[SUPPLIED INFORMATION — start]

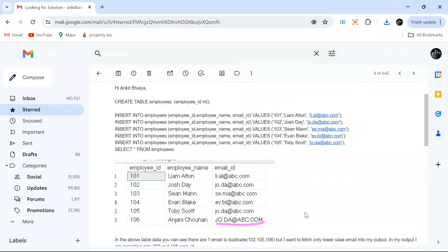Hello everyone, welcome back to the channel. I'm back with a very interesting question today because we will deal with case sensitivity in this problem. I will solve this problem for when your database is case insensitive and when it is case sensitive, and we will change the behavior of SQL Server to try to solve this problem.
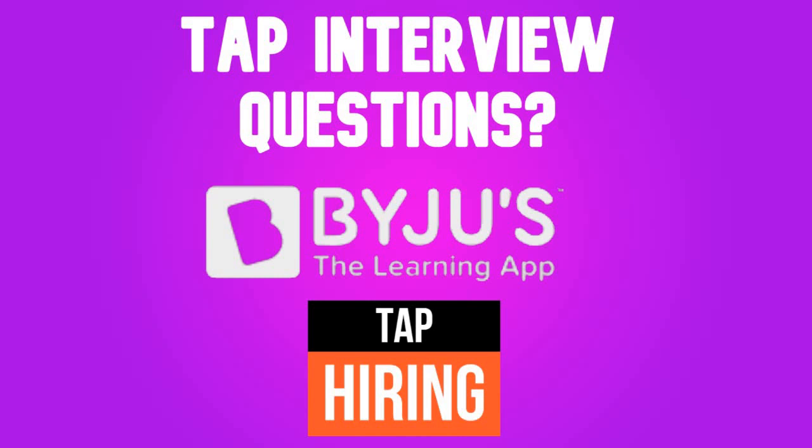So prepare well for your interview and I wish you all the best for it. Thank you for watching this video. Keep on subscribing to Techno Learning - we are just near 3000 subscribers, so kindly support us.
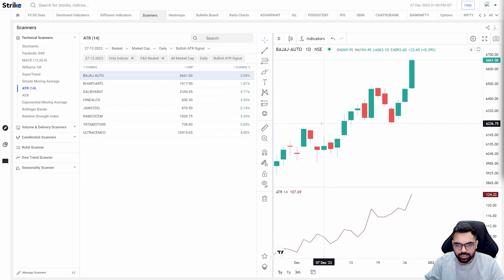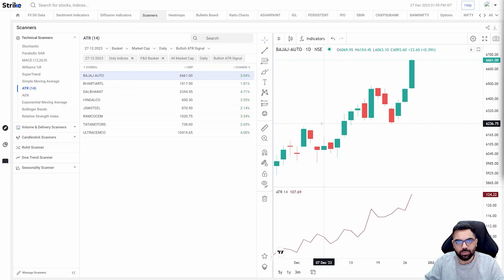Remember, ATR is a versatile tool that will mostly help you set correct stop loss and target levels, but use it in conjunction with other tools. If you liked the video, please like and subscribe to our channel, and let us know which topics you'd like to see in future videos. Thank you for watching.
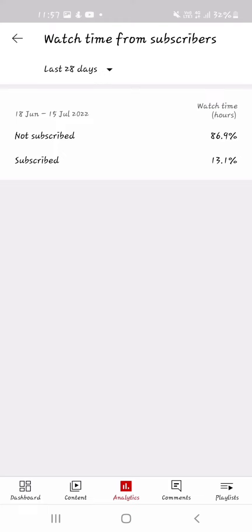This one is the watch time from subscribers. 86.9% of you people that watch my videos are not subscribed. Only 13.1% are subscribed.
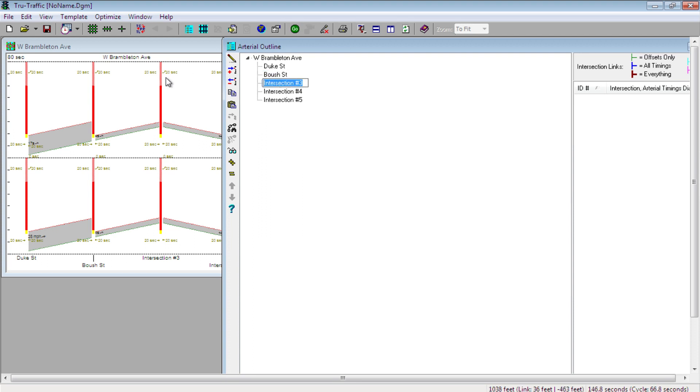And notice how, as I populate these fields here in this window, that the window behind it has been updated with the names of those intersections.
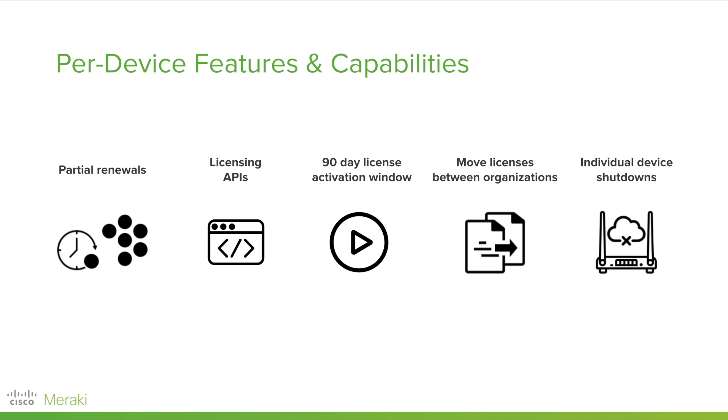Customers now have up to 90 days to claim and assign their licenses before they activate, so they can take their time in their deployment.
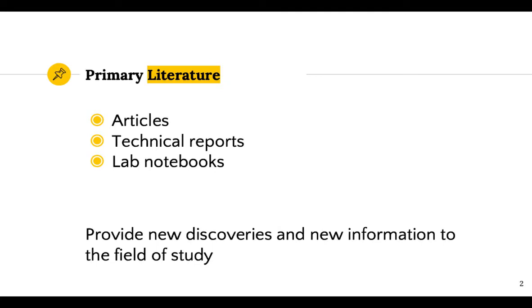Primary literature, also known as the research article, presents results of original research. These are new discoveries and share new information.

[SUPPLIED INFORMATION — finish]

WHAT IS EXPECTED - Output the full set of records above without changing a word, and drop the images.

EXPECTED OUTPUT -
Hello everyone, welcome back to the channel. I'm back with a very interesting question today because we will deal with case sensitivity in this problem. I will solve this problem for when your database is case insensitive and when it is case sensitive, and we will change the behavior of SQL Server to try to solve this problem.
So prepare well for your interview and I wish you all the best for it. Thank you for watching this video. Keep on subscribing to Techno Learning - we are just near 3000 subscribers, so kindly support us.
Remember, ATR is a versatile tool that will mostly help you set correct stop loss and target levels, but use it in conjunction with other tools. If you liked the video, please like and subscribe to our channel, and let us know which topics you'd like to see in future videos. Thank you for watching.
This one is the watch time from subscribers. 86.9% of you people that watch my videos are not subscribed. Only 13.1% are subscribed.
And notice how, as I populate these fields here in this window, that the window behind it has been updated with the names of those intersections.
Customers now have up to 90 days to claim and assign their licenses before they activate, so they can take their time in their deployment.
Primary literature, also known as the research article, presents results of original research. These are new discoveries and share new information.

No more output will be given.